Filippo Spataro entrò in caserma, come in un groviglio di spine.

Falbo, che lo aveva convocato, lo accolse con falsa cordialità: “Siediti!” mischiando un mazzo di carte. “Ti propongo una partita secca a scopa.”

“La posta qual è?”

“Se vinco io farò un nome, tu mi dirai se è stato lui o no. A uccidere Corallo.”

“Se perdi?” Gli aculei non pungevano poi tanto.

“Io sono sicuro di una rogna, ma non ti perseguiterò finché non avrò una prova inconfutabile.”

“Ci sto, sono uno pulito. Ogni fattaccio lo affibbi sempre a me, è un chiodo il tuo. Quanto a Corallo so con certezza chi non è stato, e basta.”

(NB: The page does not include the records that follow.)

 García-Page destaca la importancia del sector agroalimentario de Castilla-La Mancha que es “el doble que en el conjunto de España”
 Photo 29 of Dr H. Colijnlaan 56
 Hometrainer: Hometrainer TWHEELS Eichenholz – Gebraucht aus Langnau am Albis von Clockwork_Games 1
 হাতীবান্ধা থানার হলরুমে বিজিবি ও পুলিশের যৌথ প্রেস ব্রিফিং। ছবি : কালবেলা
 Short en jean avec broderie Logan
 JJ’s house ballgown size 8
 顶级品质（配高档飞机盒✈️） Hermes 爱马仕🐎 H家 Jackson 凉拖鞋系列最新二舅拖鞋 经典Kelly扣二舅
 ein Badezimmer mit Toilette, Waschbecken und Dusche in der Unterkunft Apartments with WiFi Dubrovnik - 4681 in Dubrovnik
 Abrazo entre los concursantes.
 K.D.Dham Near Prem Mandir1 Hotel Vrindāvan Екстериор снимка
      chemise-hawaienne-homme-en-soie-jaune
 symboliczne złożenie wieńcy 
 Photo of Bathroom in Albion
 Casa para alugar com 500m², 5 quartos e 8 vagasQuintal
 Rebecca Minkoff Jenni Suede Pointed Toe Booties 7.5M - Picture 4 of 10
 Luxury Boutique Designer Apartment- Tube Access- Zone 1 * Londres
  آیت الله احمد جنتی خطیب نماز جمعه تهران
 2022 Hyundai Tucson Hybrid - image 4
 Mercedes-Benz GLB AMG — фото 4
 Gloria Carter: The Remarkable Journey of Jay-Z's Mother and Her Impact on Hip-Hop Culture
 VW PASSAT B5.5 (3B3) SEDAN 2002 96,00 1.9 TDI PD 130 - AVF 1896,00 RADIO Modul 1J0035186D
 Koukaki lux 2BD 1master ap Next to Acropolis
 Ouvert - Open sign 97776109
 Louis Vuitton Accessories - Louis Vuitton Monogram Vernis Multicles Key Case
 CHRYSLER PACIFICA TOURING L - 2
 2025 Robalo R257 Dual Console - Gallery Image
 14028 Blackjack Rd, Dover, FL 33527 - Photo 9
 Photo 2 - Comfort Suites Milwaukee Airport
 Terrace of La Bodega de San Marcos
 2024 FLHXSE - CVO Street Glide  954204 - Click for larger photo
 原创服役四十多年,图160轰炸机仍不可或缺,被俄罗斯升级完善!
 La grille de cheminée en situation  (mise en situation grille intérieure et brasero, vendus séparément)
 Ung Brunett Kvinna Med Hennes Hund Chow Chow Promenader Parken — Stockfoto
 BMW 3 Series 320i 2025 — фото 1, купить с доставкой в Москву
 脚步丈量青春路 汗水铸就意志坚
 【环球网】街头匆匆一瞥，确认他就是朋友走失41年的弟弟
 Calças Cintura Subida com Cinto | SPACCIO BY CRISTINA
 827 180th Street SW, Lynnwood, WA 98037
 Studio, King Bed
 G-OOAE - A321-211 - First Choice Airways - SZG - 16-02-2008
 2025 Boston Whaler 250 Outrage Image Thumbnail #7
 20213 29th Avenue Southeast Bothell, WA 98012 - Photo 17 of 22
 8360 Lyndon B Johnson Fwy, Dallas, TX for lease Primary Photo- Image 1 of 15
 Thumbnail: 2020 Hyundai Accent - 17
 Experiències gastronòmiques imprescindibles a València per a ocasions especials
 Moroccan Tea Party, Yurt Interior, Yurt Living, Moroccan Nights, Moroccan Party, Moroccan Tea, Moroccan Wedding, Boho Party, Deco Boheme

“D’accordo!” si accontentò.

La partita piegò verso la legge, dopo poco erano dieci a sei. Poi la fortuna sembrò sbendata, strabica. Finalmente il maresciallo riuscì ad accaparrarsi il settebello e la vittoria. Si affrettò a riscuotere: “E’ stato Vincenzo Murra ad assassinarlo? Ho una testimonianza contro!”

“Potrei accusarlo con facilità visto che non può più discolparsi, ma non sarebbe la verità. Il pomeriggio del delitto io, Vincenzo, Armando Sullo il panettiere ed Ernesto l’esattore municipale siamo rimasti nel bar Stella a giocare a tressette dalle cinque alle nove.”

Spataro si alzò illeso e compiaciuto di non aver perso molto. Si avviò angosciato verso casa, nella sera che calava colposa. Riposte le carte, la sua mente ricominciava ad alzare l’insonnia delle due notti precedenti.

Quel maledetto toro, non c’era stato modo di addossarlo al camion. A momenti fregava pure lui, se l’era cavata con poche escoriazioni sul braccio. Invece aveva scaraventato Vincenzo a terra e, mentre cercava di rialzarsi, lo aveva infilzato con un corno nella gola e l’aveva sollevato per aria, strattonandolo, nel tentativo di sfilarselo.